**Required work:** Please print nothing but the lines from the one with "Mea House And 2019 3* Bari" to the last line of the records below, and omit pictures.
---------- Available data
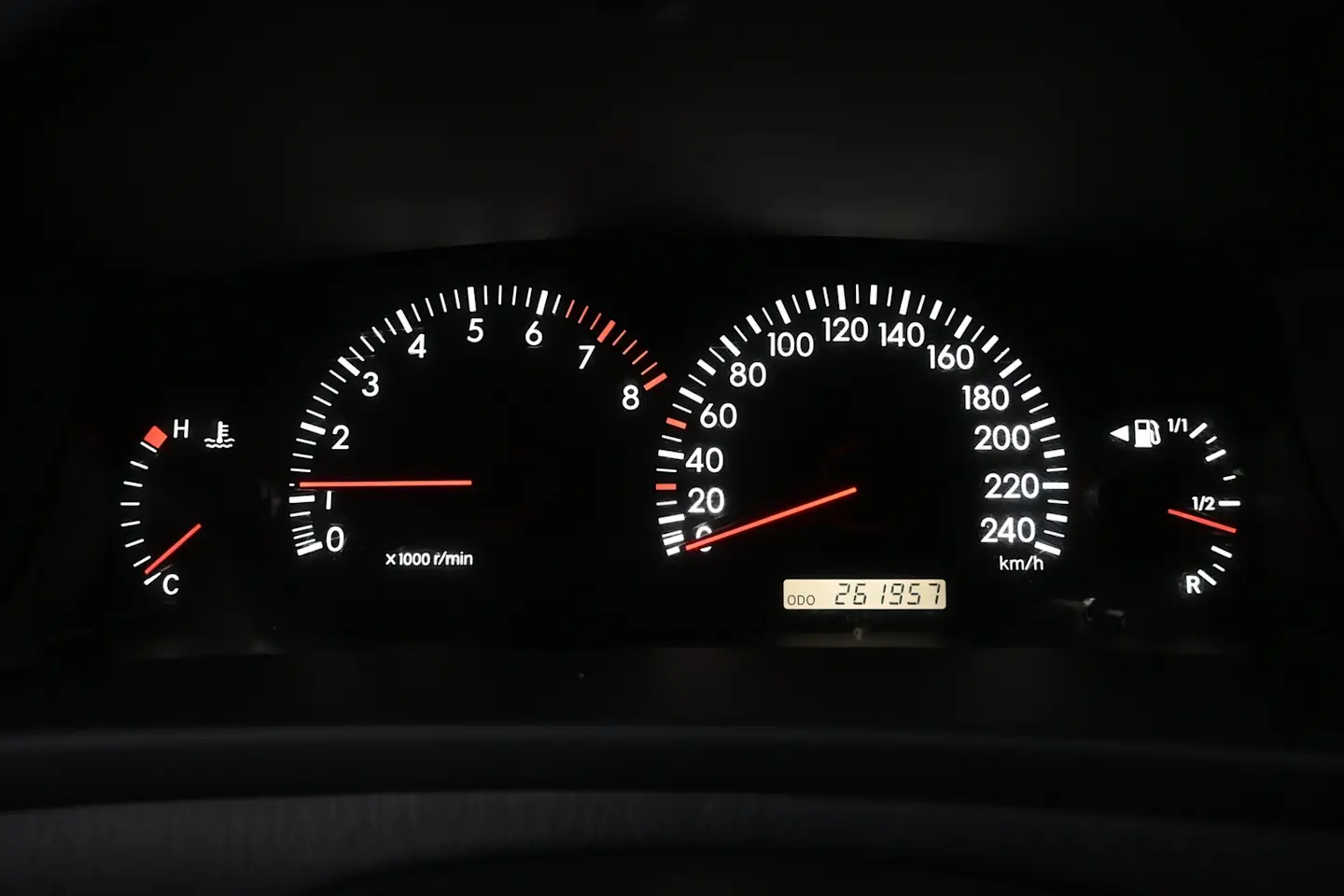 Car Image - 3z5XIPdRKdSnTrwzjjnVur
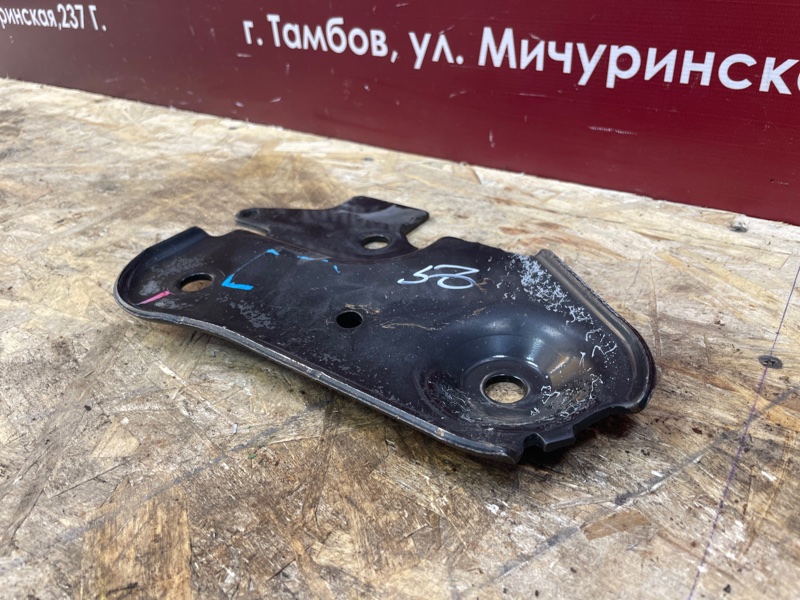 Кронштейн подрамника - фото 3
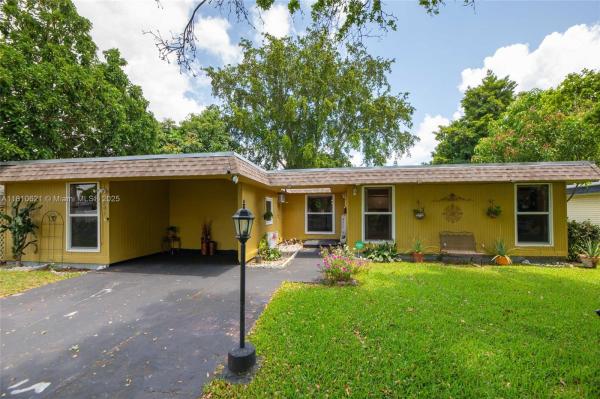MAINLANDS OF TAMARAC LAKE
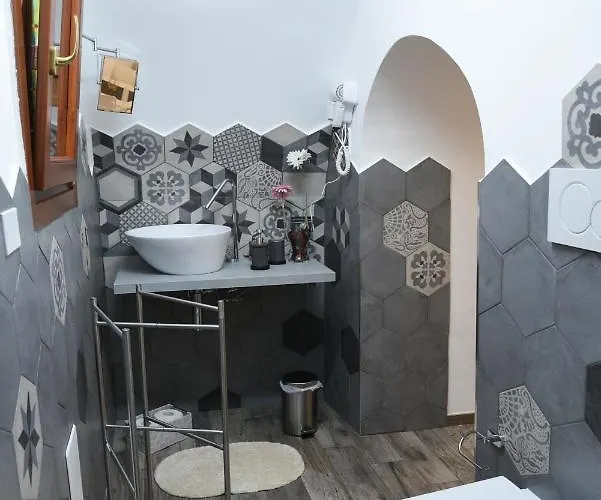 Mea House And 2019 3* Bari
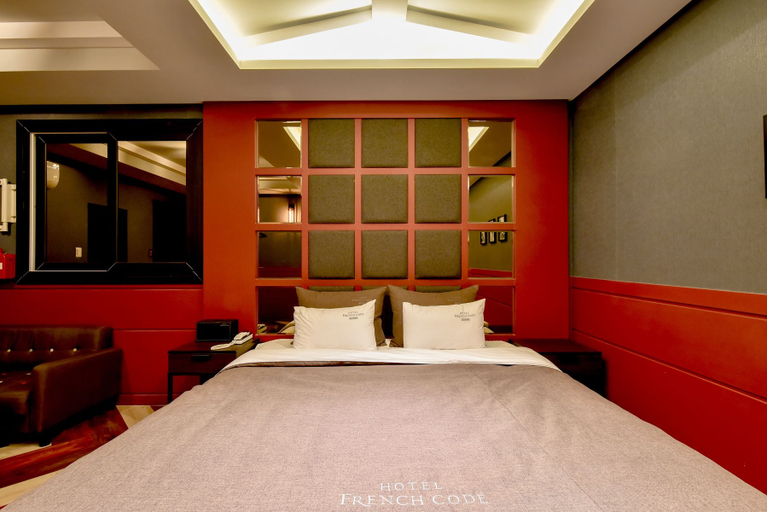 Bedroom 2, French Code Hotel, Jinhae
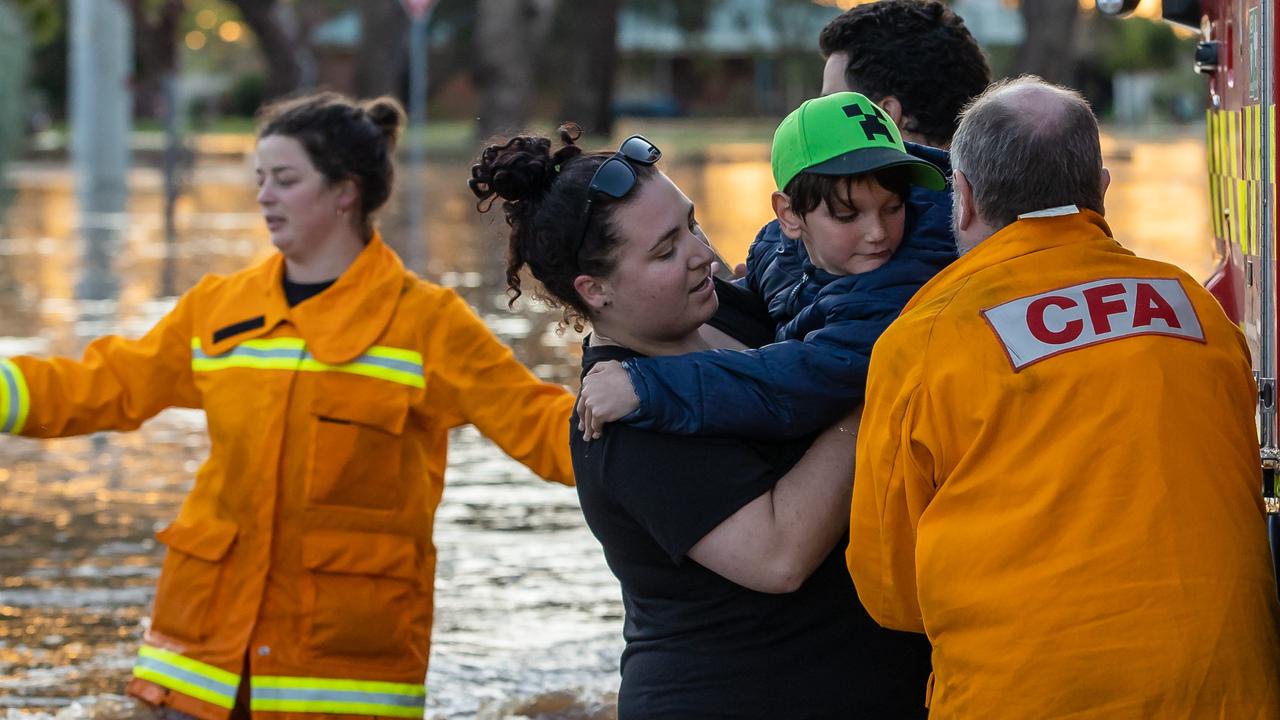 Victorian Floods: Victorians Warned To Be Ready To Leave As Mass ...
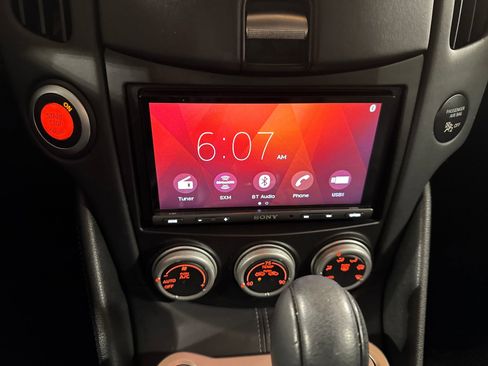 Used 2015 Nissan 370Z Coupe RWD image 21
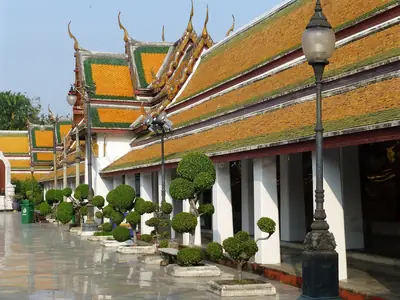 Long cloister gallery around the hall, Wat Suthat and the Giant Swing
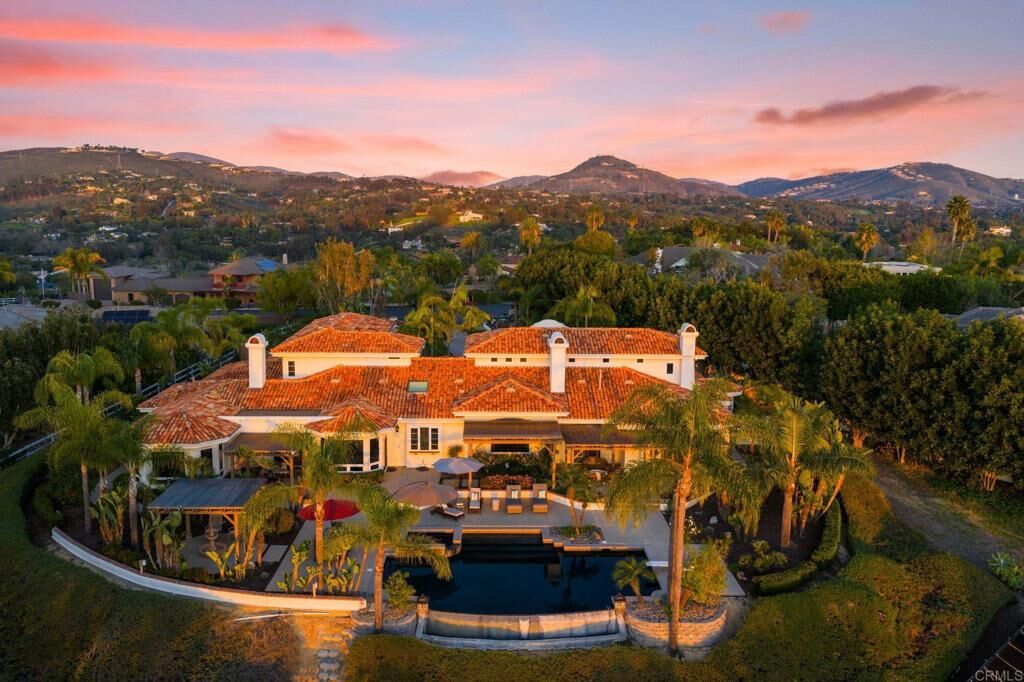 Property Photo: 3368 Calle Margarita CA 92024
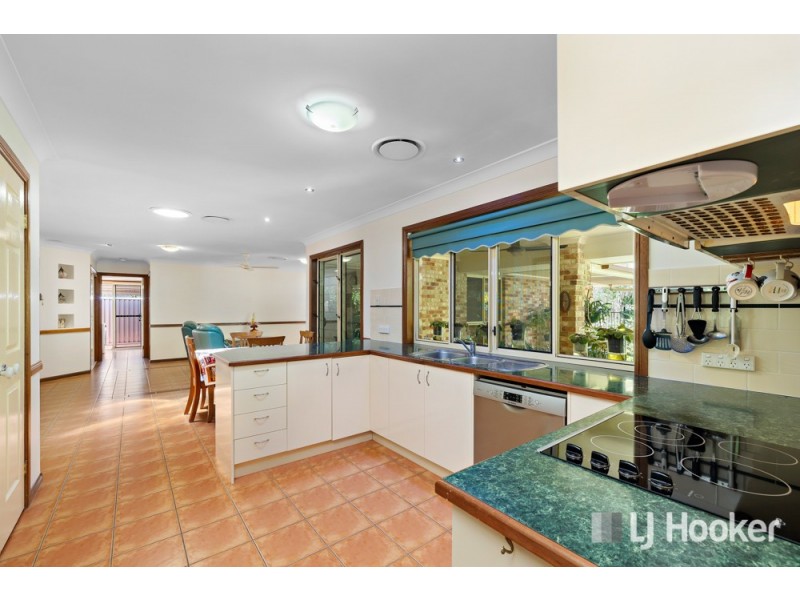 18 Wisteria Street, Ormiston QLD 4160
--------------------
**Worked solution:**
 Mea House And 2019 3* Bari
 Bedroom 2, French Code Hotel, Jinhae
 Victorian Floods: Victorians Warned To Be Ready To Leave As Mass ...
 Used 2015 Nissan 370Z Coupe RWD image 21
 Long cloister gallery around the hall, Wat Suthat and the Giant Swing
 Property Photo: 3368 Calle Margarita CA 92024
 18 Wisteria Street, Ormiston QLD 4160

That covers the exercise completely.